Content starts
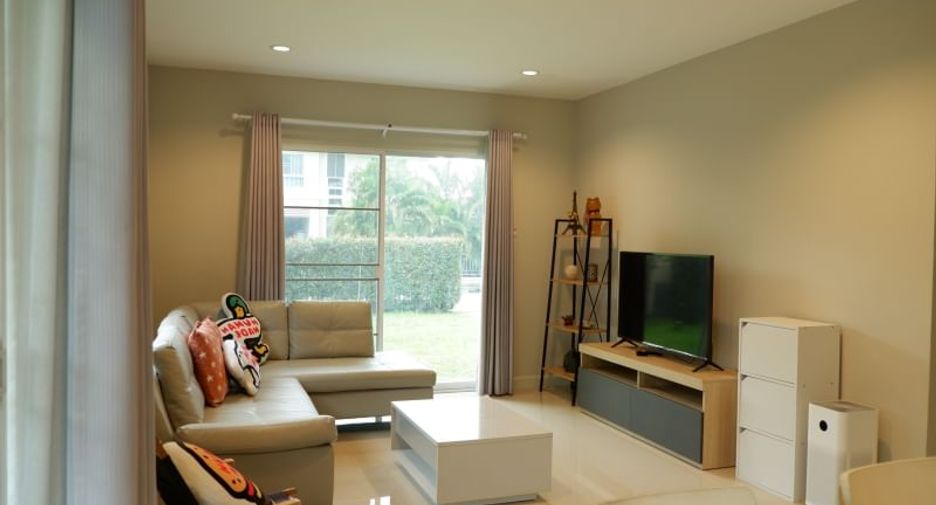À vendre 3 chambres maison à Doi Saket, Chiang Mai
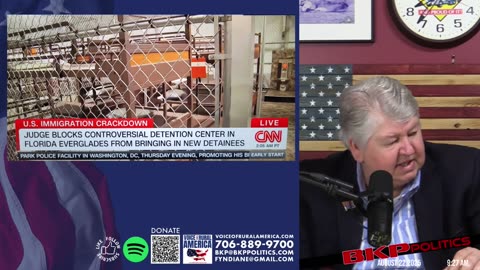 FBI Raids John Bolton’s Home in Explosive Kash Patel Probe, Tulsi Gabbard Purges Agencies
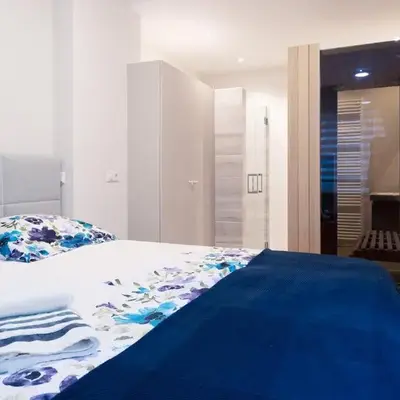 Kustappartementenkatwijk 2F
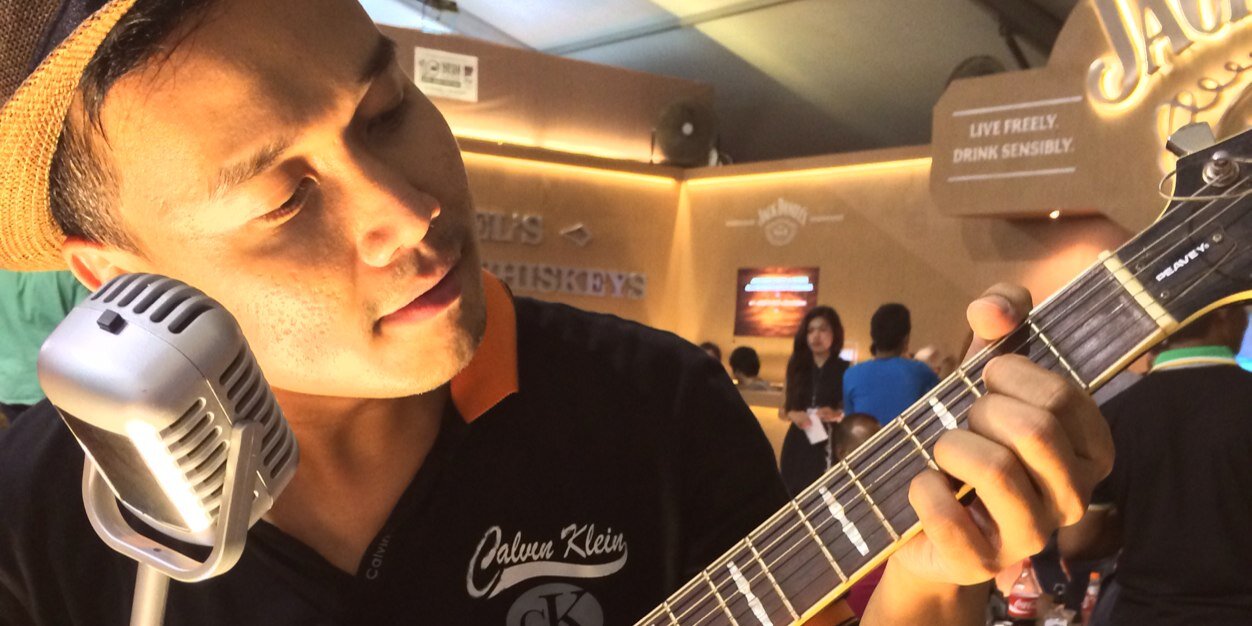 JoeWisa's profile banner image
Content ends
* What you are asked to do *
Once the pictures are set aside, output all of the data above verbatim.

* Solution *
À vendre 3 chambres maison à Doi Saket, Chiang Mai
 FBI Raids John Bolton’s Home in Explosive Kash Patel Probe, Tulsi Gabbard Purges Agencies
 Kustappartementenkatwijk 2F
 JoeWisa's profile banner image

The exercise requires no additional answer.